Au rond-point Sandaga, délimité par les avenues Lamine Gueye et Ponty c’est le même panorama qui se dessine. Jadis grouillant de monde et très animé, l’endroit est paisible en ce jour Magal. Les magasins sont presque tous fermés. Seuls quelques-uns sont ouvert et les clients se font désirer. La circulation est fluide. Des policiers, adossés sur leur véhicule, discutent au moment où un de leurs collègues contrôle les quelques rares voitures qui empruntent cet axe. Une poignée de vendeurs à la sauvette est présente sur place.
Mame Ass fait partie de ce lot.
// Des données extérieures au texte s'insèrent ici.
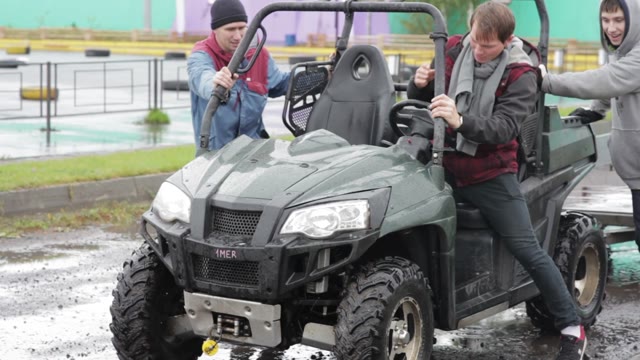 Friends Try To Make Quad Bike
De forte corpulence, il vend des vêtements pour enfants. Assis sur un tabouret, il dévore un pain sandwich. Il respecte le petit déjeuner comme il respecte les cinq prières de la journée. C’est du moins ce qu’il a fait savoir dès l’entame de son propos. « Il faut manger pour vivre », dit-il sur un ton ironique avant de reprendre son sérieux. Résidant à Pikine, il dit être conscient que ses activités sont au ralenti en cette période de Magal mais, en bon père de famille qui a d’énormes charges, il n’ose pas rester chez lui. « Je sais que les clients se feront rares aujourd’hui d’autant plus que tout le monde est à Touba mais, on ne sait jamais. La chance, appartenant à ceux qui se lèvent tôt, peut nous sourire à tout moment », dit-il.
À quelques pas de lui, est assise Astou Yade, une dame sérère qui a quitté son Réfane natale à la recherche d’une vie meilleure dans la capitale sénégalaise. Elle vend des pains de singe, de l’oseille rouge, du gingembre. « Depuis que je suis là, je ne fais que tourner les pouces. Je n’ai vendu un seul franc. Je pense que je vais plier bagages et rentrer chez moi à Niarry, me reposer jusqu’à jeudi. Là, je perds mon temps pour rien », lâche-t-elle sur un air qui révèle toute sa désolation.
À l’image de l’avenue Lamine Gueye, du boulevard de la république et de l’avenue Peytavin, la place de l’indépendance s’ennuie sans les va et vient de ses envahisseurs. Les banquettes édifiées sur place sont quasi vides. Deux jeunes filles, vendeuses d’eau fraiche, se prélassent sur l’une d’elles après avoir beaucoup marché à la recherche de clients. Toutes les deux des élèves, elles sont venues passer les grandes vacances à Dakar afin d’avoir de quoi préparer la rentrée prochaine. Elles travaillent pour leur propre compte.
« En temps normal, à pareille heure (Ndlr :10h), on parvenait à écouler au moins, deux sacs de sachets d’eau. Mais, aujourd’hui on peine à vendre un sac. Mais c’est du au Magal. Tout le monde est à Touba, les commerces ne sont pas ouverts. Il n’y a pas d’acheteurs », regrette l’une d’elles sous le couvert de l’anonymat.